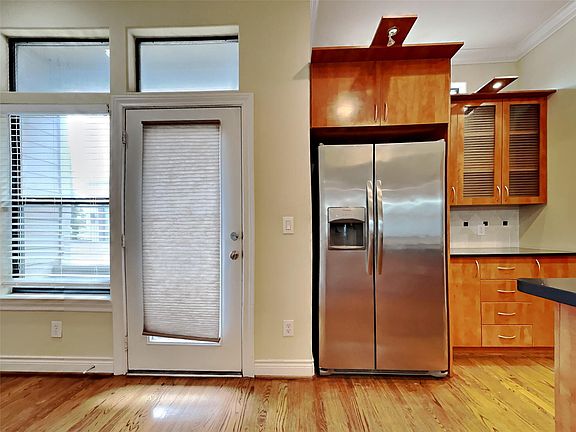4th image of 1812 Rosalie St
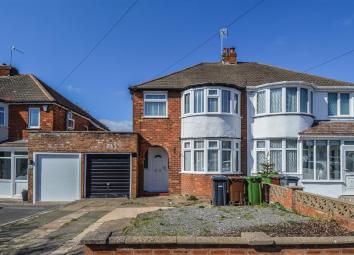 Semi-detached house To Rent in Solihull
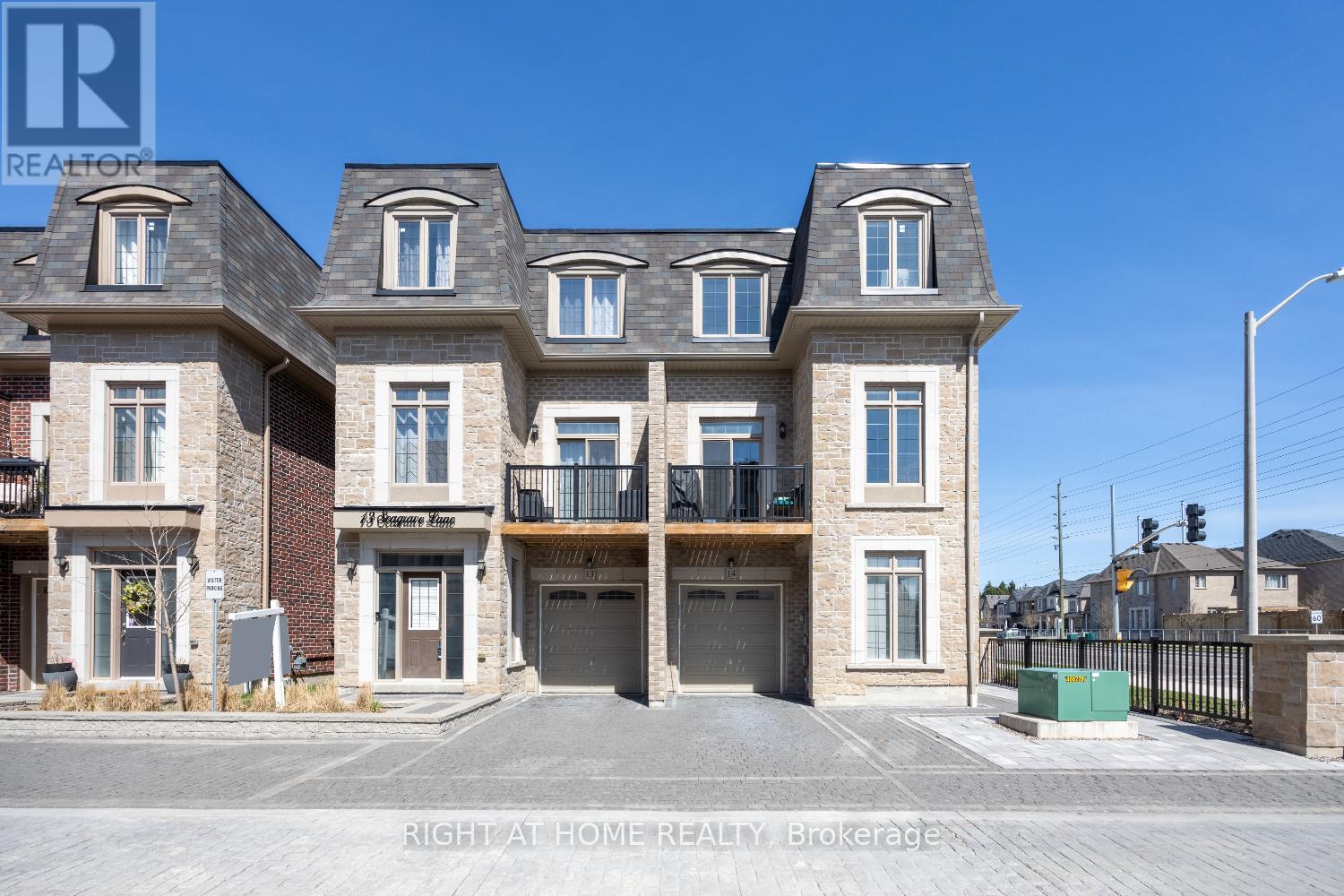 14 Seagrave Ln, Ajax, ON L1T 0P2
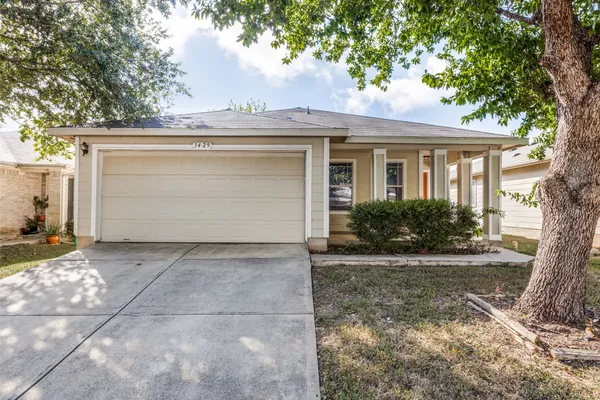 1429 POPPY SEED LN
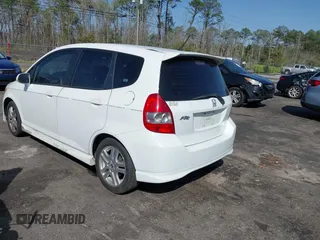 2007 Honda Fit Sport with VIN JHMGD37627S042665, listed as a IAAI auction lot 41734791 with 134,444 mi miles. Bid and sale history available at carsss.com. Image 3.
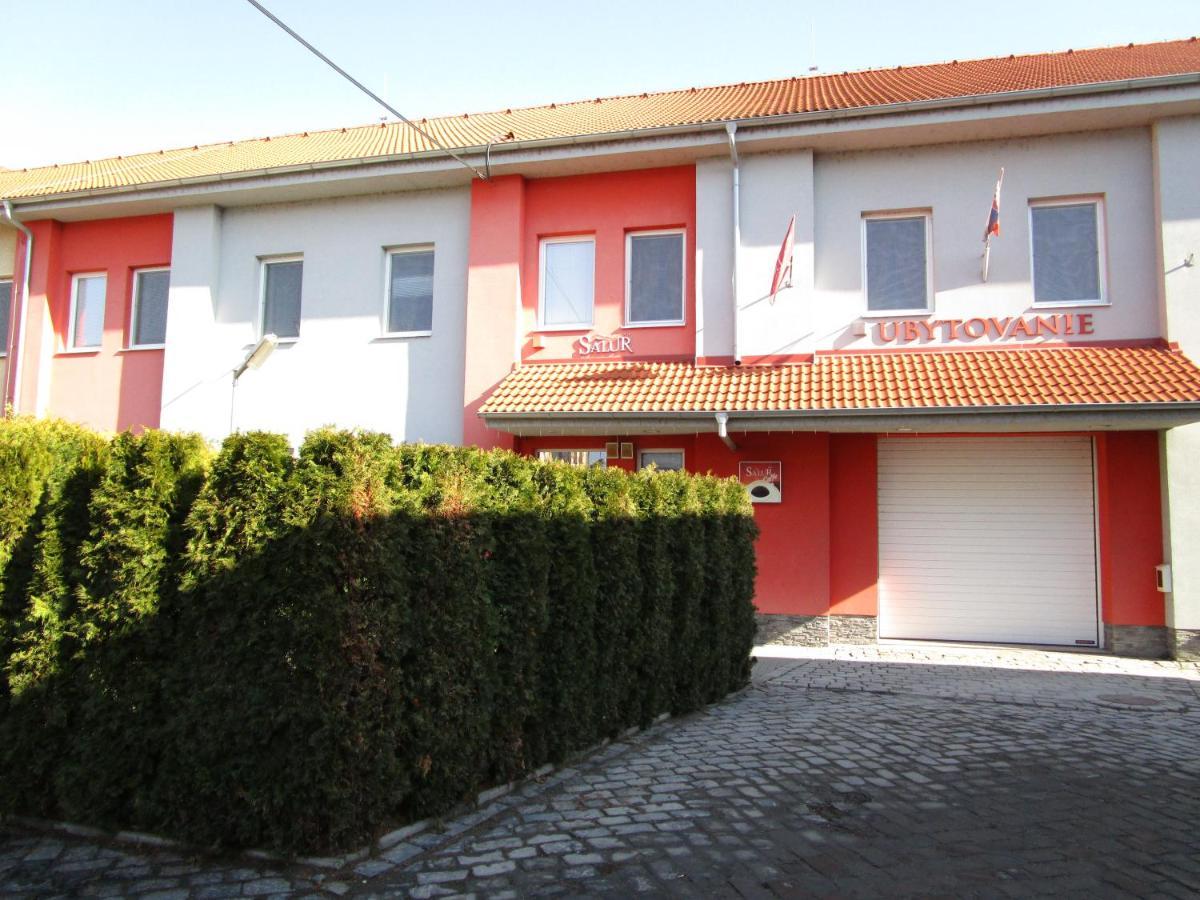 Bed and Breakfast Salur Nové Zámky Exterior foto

▬▬▬

#### Assignment
Beginning with the line containing "14 Seagrave Ln, Ajax, ON L1T 0P2" and ending with the last line of the listing above, output those lines exactly as written, without pictures.

#### Answer section
 14 Seagrave Ln, Ajax, ON L1T 0P2
 1429 POPPY SEED LN
 2007 Honda Fit Sport with VIN JHMGD37627S042665, listed as a IAAI auction lot 41734791 with 134,444 mi miles. Bid and sale history available at carsss.com. Image 3.
 Bed and Breakfast Salur Nové Zámky Exterior foto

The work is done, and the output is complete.